Using Python to Crack the Etymology of Dubliners

The short story collection Dubliners by Irish author James Joyce has always been special to me. When I was a freshman in high school, my English teacher, Dr. Miller - Doctor Mike - assigned us Dubliners as our required reading. Joyce can be bewildering to graduate students, let alone a high school freshman, so needless to say, it was over my head. But the stories were seared into my memory, and I have returned to them again and again throughout my life. My changing understanding of each story is a reflection of the evolution of my perspective.

I was inspired by this post from the Ideas Illustrated blog, referenced in a post on the Johnson (language) blog in the Economist, to try my hand at tagging word etymology in the same way. My aim was to apply the technique to an entire book - or rather, to a set of short stories.

My aim was to tag the word etymologies of James Joyce's Dubliners.

I set to work, and created code and a web page for the Words Words Words project on GitHub. Here's a description of the project from its web page:

Words Words Words uses a couple of Python libraries to do its primary tasks: parse text, look up words on a web page, extract and process the result, and convert the original text into HTML, color-coding each word in the process with its etymological root language.

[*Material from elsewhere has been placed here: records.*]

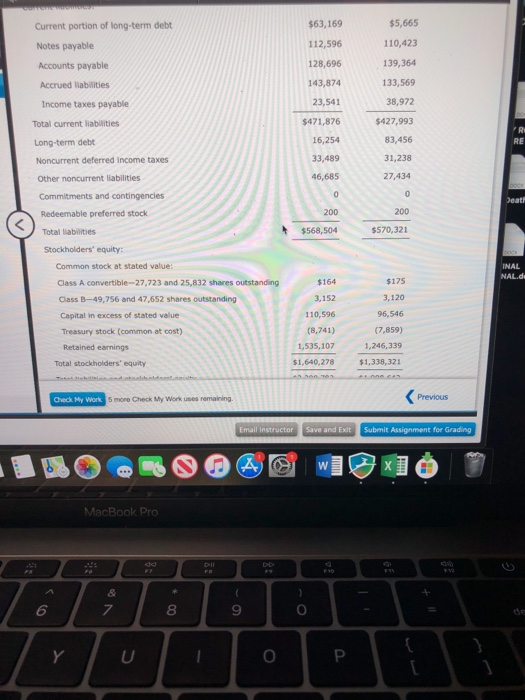 except per share data) ROM RE do Year ended December 31, 2019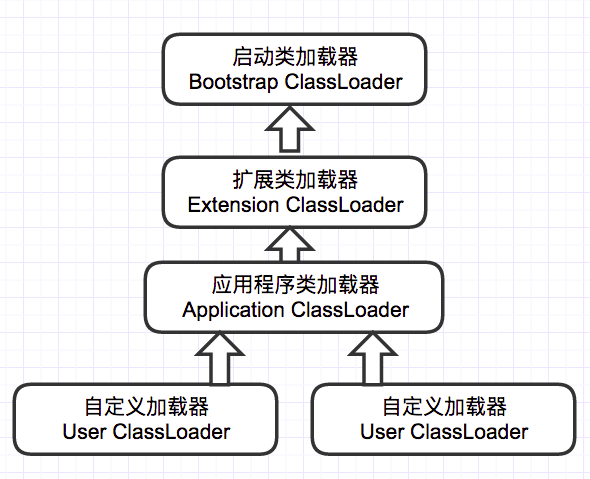 jvm classloader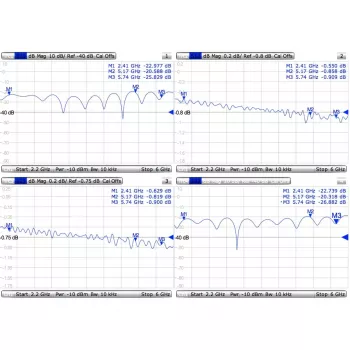 Kabel MMCX naar RPSMA/ACMMCXRPSMA Mikrotik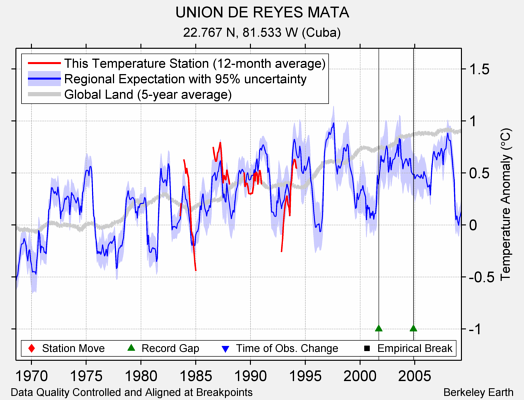 UNION DE REYES MATA comparison to regional expectation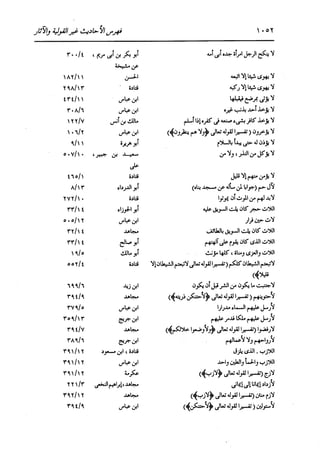الدر المنثور في التفسير بالمأثور للإمام السيوطي 16،17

  • To parse the text and extract unique words, I'm using the Natural Language Toolkit.
  • To scrape the web, I'm using Mechanize.
  • To obtain etymological root languages for words, I'm using the Online Etymology Dictionary.
  • To process the resulting HTML, I'm using Beautiful Soup.
  • To deal with all the data resulting from these tasks, I'm using Pandas.
  • To tag each word, I'm just using Python's built-in list and string types.
  • To pull all of the tagged HTML, CSS stylesheets, and JS together, I'm using Pelican (my preferred Python alternative to Ruby's Jekyll)

The result is something like what you see at the header of the landing page. Python is used to tag words with root languages using the Online Etymology Dictionary. Each of Joyce's short stories are tagged in this way, and each story is on its own page. Here is the table of contents for the tagged version of Dubliners.

Right away it's clear that the dominant language in Joyce's writing is French - the entire text is awash in purple words. And unlike the smatterings of green German words or pale yellow English words, the French words are not commonly-recurring articles or prepositions; they are the more complex words, like "priesthood" and "chalice," "scrupulous" and "mercy," containing the intellectual meat of the story.

There's also a steady smattering of Old Norse ("kitchen," "hand," "door," "road"), as well as the occasional word reaching way back in time to recall Old French roots, like "bazaar."

Somewhat surprisingly (to me, anyway) was the infrequency of Latin and Greek words. I suppose that tagging text about Stephen Dedalus might dip more heavily into those (Ulysses is on the list of books to tag next), but in Dubliners at least, words with Latin and Greek roots are somewhat rare.

Even Sanksrit shows up in Dubliners: in the roots of the word "tobacco."